Defendant points out that K.S.A. 21-3401 and the felony murder instruction which the court gave do not require the jury to make a specific finding of malice if the jury finds that the killing occurred during the commission of another felony, unlawfully possessing a firearm within five years after a previous felony conviction. Defendant admitted possession of the gun and a prior felony conviction, and raised no defense to them. He contends that his defense was self-defense, which necessarily excludes malice since self-defense implies self-preservation rather than ill will. Because the jury was not required to make a specific finding of malice, the defendant reasons that he was prevented from effectively asserting self-defense.

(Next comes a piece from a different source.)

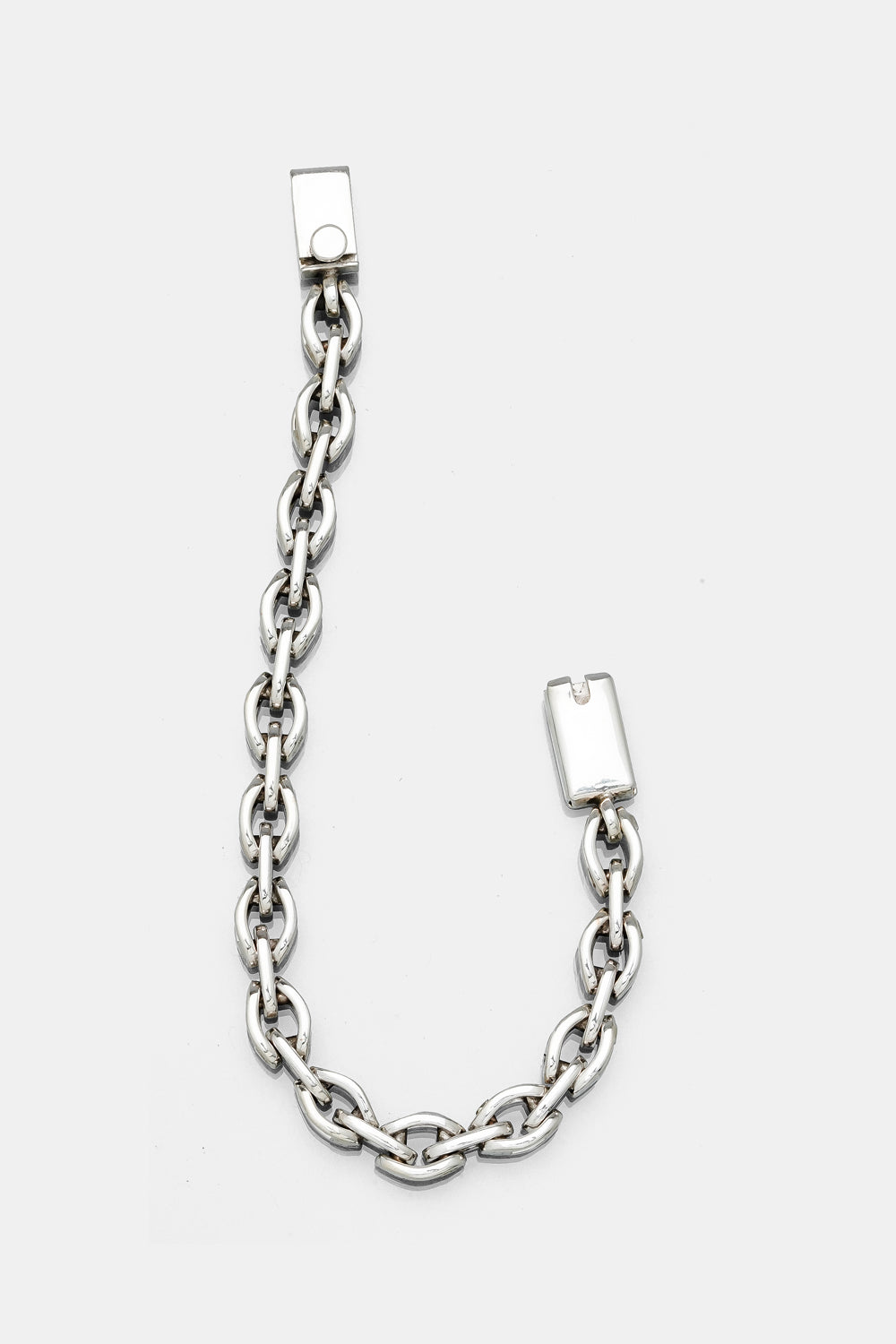 Silver Bracelet CCC-2 / シルバー チェーンブレスレット メキシコ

We agree that malice is an essential element of murder in the first degree, including felony murder. In a prosecution for felony murder, however, the state may show malice, premeditation, and deliberation by showing that the killing took place during the commission of another felony. State v. Goodseal, 220 Kan. 487, 553 P.2d 279; State v. Bradford, 219 Kan. 336, 548 P.2d 812; State v. Clark, 204 Kan. 38, 460 P.2d 586. The other felony must be one inherently or foreseeably dangerous to human life. The unlawful, willful or knowing possession of a revolver by a recently convicted or released felon, with the intent to control the use and management of the weapon, is such a felony. State v. Goodseal, supra; State v. Moffitt, 199 Kan. 514, 431 P.2d 879. And, see, State v. Neal, 215 Kan. 737, 529 P.2d 114. We concluded in Goodseal that malice is established by proof of the same collateral felony as is here involved. We adhere to that ruling.
We disagree, however, with defendant's contention that the failure to require a specific finding of malice effectively deprived him of the defense of self-defense, for two reasons. First, we turn to the evidence before us. Homer Hernandez was unarmed. He did not threaten to inflict injury upon the defendant. Defendant's own testimony was that the gun fired accidentally as they scuffled for possession of it — not that he shot Homer in order to protect himself from threatened injury. The other witnesses all testified to an exchange of words, an argument, but none reported hearing any threats, nor did the defendant. There is no evidence that the deceased had committed prior acts of violence, that the defendant knew of such acts, or that the defendant believed or had reasonable grounds for believing himself to be in danger of death or great bodily harm at the hands of Homer. There is no evidence as to the relative size or strength of the deceased and the defendant. Defendant does not contend or admit that he shot Homer in self-defense or otherwise; he contends that the weapon accidentally discharged during a struggle for its possession, and while both he and Homer had their hands upon it. We conclude that, viewing the evidence in the light most favorable to the defendant, there is no evidentiary basis for a claim of self-defense.
Second, the trial court instructed on both self-defense and accident, and no objections were made to nor were changes requested in either instruction. Both defenses were thus presented to the jury by the court. The jury was left to weigh the evidence under appropriate instructions. It could have found that the defendant acted in self-defense, or that the shooting was accidental. By its verdict the jury rejected both defenses.
We conclude that the defendant was not deprived of the defenses available to him under the evidence; that the jury was properly instructed; and that the defendant was afforded a fair trial.
The judgment is affirmed.
FROMME and OWSLEY, JJ., join in the foregoing dissent.